Statistical decisions. Statistical hypotheses. Null hypotheses. Tests of hypotheses and significance. Type I and Type II errors. Level of significance. Tests involving the normal distribution. One-tailed and two-tailed tests. Operating characteristic curves. Control Charts.

SolitaryRoad.com

Website owner:  James Miller

[ Home ] [ Up ] [ Info ] [ Mail ]

Statistical decisions. Often in practice we are called to make decisions about populations on the basis of sample information. Such decisions are called statistical decisions. For example, one might wish to decide on the basis of some sample data whether a new serum is really effective in curing a disease, whether one educational procedure is better than another, whether a given coin is loaded, etc.

Statistical hypotheses. Null hypotheses. In attempting to reach decisions, it is useful to make assumptions or guesses about the populations involved. Such assumptions, which may or may not be true, are called statistical hypotheses and in general are statements about the probability distributions of the populations.

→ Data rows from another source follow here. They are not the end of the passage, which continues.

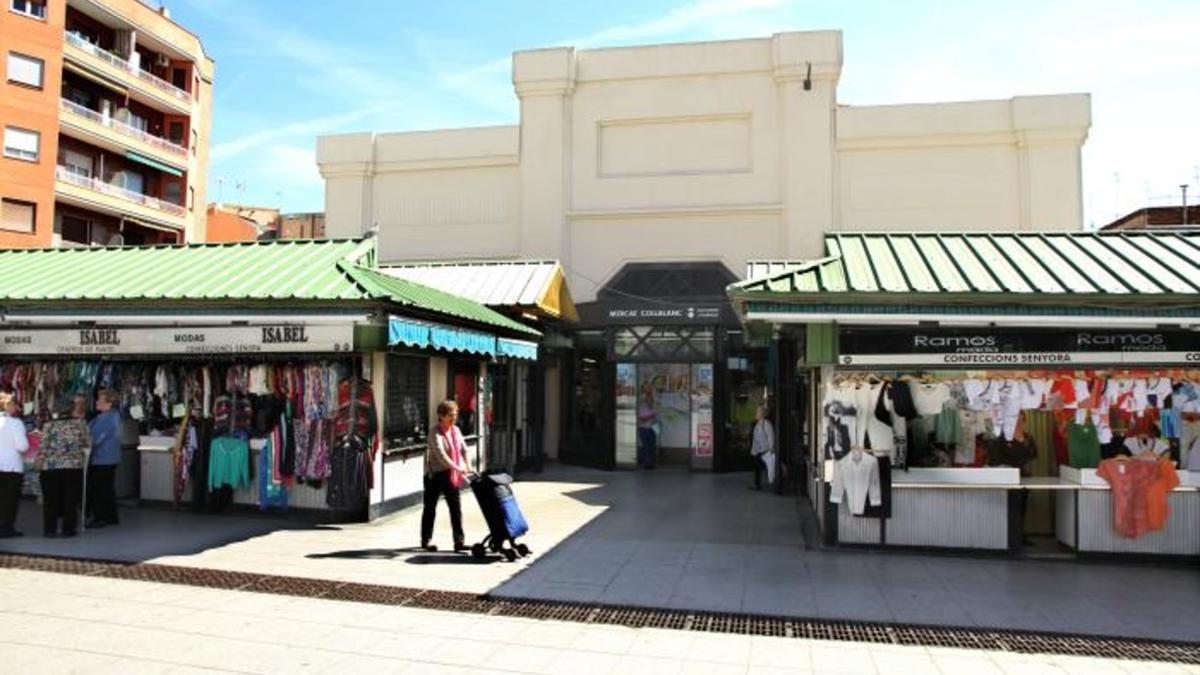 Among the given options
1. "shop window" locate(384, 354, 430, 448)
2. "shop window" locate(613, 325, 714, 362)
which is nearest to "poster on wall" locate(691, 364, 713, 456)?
"shop window" locate(613, 325, 714, 362)

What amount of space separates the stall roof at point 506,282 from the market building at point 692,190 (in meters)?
1.21

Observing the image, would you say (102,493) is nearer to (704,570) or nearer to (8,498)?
(8,498)

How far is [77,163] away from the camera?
122 feet

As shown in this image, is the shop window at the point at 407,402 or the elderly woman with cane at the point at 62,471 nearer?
the elderly woman with cane at the point at 62,471

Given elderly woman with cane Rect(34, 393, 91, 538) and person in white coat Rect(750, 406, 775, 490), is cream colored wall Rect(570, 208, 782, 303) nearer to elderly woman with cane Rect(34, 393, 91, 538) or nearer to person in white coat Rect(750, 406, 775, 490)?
person in white coat Rect(750, 406, 775, 490)

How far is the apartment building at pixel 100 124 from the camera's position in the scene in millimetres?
33344

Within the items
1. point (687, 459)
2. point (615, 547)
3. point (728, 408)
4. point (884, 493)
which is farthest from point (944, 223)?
point (615, 547)

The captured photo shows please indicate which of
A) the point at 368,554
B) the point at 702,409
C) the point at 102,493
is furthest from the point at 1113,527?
the point at 102,493

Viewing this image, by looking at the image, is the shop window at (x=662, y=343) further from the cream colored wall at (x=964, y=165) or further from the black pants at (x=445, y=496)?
the black pants at (x=445, y=496)

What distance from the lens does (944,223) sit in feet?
63.8

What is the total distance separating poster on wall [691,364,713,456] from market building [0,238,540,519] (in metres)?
7.04

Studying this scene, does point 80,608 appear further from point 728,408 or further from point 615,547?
point 728,408

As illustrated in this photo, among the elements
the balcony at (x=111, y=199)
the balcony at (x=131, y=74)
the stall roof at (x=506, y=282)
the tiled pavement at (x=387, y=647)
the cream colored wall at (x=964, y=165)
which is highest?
the balcony at (x=131, y=74)

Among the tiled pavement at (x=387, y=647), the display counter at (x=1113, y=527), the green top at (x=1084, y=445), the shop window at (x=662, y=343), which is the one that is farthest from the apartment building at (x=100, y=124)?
the display counter at (x=1113, y=527) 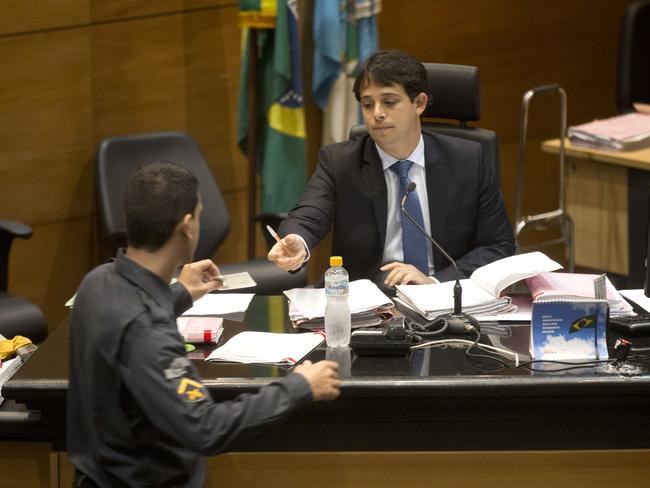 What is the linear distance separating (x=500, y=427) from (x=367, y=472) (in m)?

In many instances we formulate a statistical hypothesis for the sole purpose of rejecting or nullifying it. For example, if we want to decide whether a given coin is loaded we formulate the hypothesis that the coin is fair, i.e. p = .5, where p is the probability of heads. Similarly, if we want to decide whether one procedure is better than another, we formulate the hypothesis that there is no difference between the procedures (i.e. any observed differences are merely due to fluctuations in sampling in the same population). Such hypotheses are often called null hypotheses and are denoted by H₀.

Any hypothesis which differs form a given hypothesis is called an alternative hypothesis. For example, if one hypothesis is p =.5, alternative hypotheses are p = .7, p ≠ .5. or p ≥ .5. A hypothesis alternative to the null hypothesis is denoted by H₁.

Tests of hypotheses and significance. If on the supposition that a particular hypothesis is true we find that results observed in a random sample differ markedly form those expected under the hypothesis on the basis of pure chance using sampling theory, we would say that the observed differences are significant and we would be inclined to reject the hypothesis (or at least not accept it on the basis of the evidence obtained). For example, if 20 tosses of a coin yield 16 heads we would be inclined to reject the hypothesis that the coin is fair, although it is conceivable that we might be wrong.

Procedures which enable us to decide whether to accept or reject hypotheses or to determine whether observed samples differ significantly form expected results are called tests of hypotheses, tests of significance, or rules of decision.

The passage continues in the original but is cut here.